О крайнем правом крыле поэтов, за годы 1917–1922, сказать почти нечего. Из наших запоздалых парнасцев многие эмигрировали из России. Попадавшиеся в зарубежных изданиях новые стихи Ив. Бунина, А. М. Федорова, С. Маковского, Л. Столицы, Вл. Эльснера и др. ничем не отличались от их прежних стихотворений: умело слажено, но скучно и ненужно. Совершенно бесцветной была и деятельность московских неоклассиков, школы боевой, которая определенно отмежевывалась от всякого новаторства, желая вернуть поэзию к идеалам классических образцов: желание, как и всякая попытка повернуть назад колесо истории, конечно, неисполнимое. Во главе неоклассиков стоял Олег Леонидов, единственный поэт в этой группе, проявивший свою индивидуальность; но он же, вразрез с тенденциями своей группы, заявил где-то: «Возврата к прошлому не вижу, – Его покоя не хочу…» Другие жаловались: «Все, что надо, сказали – Те, другие, до нас…» (Г. Дешкин), молились «неведомому Богу» (М. Гальперин), вспоминали, что «Христос родился в яслях» (Е. Волчанецкая), склонялись «перед иконою святой» (Н. Захаров-Мэнский) и т. д….

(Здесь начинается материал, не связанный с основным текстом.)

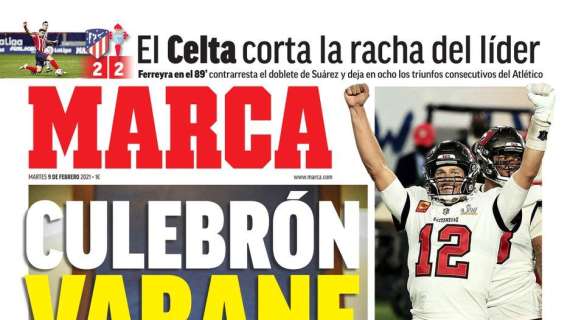 PORTADA - Marca: "Culebrón Varane"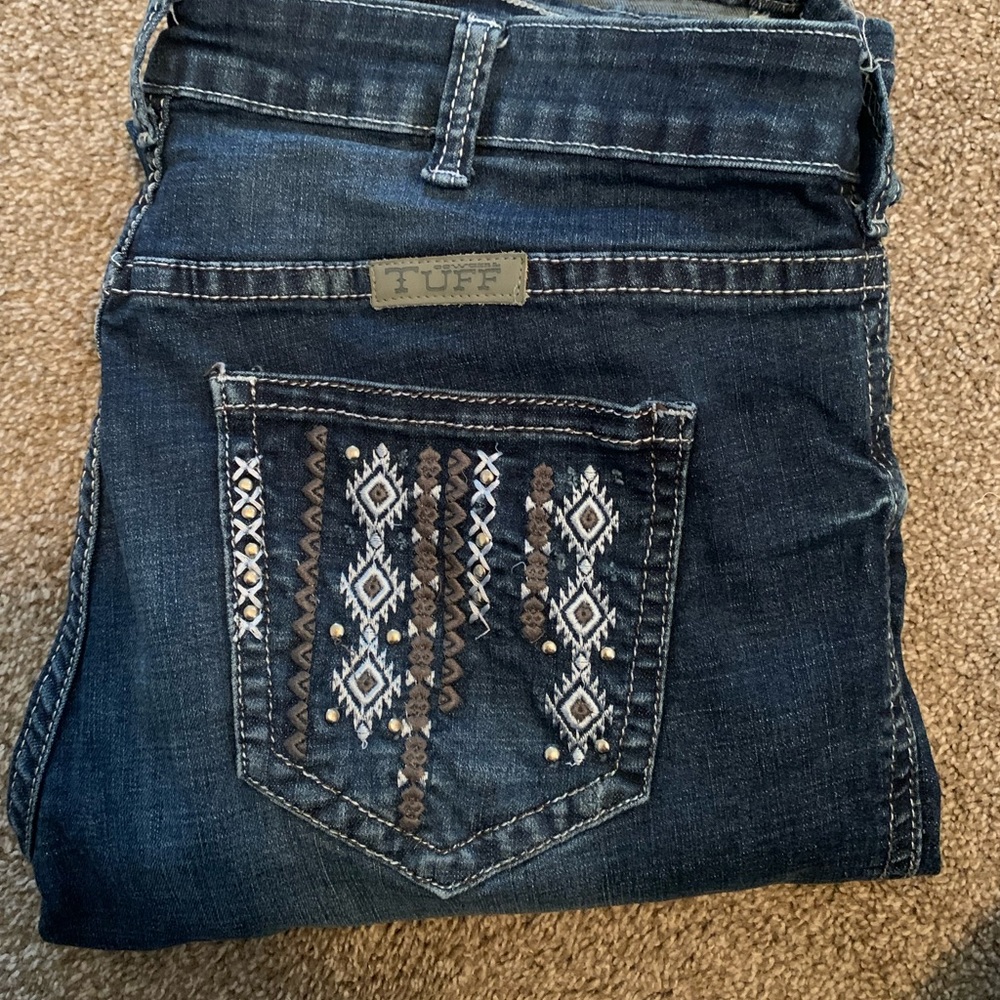 Womens cowgirl tuff jeans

Близко к неоклассикам стояли, и с теми же результатами, поэты московского «Особняка» и значительная часть петербургского Союза поэтов. Можно пройти молчанием большинство этих поэтов, частью выступавших с отдельными сборниками (напр., А. Мареев, «Кованый ковш», 1921 г.), частью составлявших свои альманахи, иногда с приглашением футуристов («Провинциальная муза», Казань, 1919 г., «Сюжетисты», Курск, 1921 г., «Костер», 1920 г., «Лирика», 1922 г. и др.). Следует, однако, выделить некоторых поэтов, как П. Радимова (переводы с татарского, Казань, 1920 г., «Провинциальная муза» и др. изд.), который чужд теориям «правых» и пишет непритязательно, но живо; петербургских «островитян», как Н. Тихонов («Орда», 1922 г.) и С. Колбасьев («Открытое море», 1922 г.), в стихах которых есть что-то и «от нового» и оценивать которых по первым опытам еще рано; и еще двух-трех – из провинциальных альманахов (как «Альманах первый» курского Союза поэтов, 1922 г., «Сполохи», В. Устюг, 1920 г., «Рассвет», Ковров, 1920 и 1921 гг.), где иногда есть намеки на талантливость.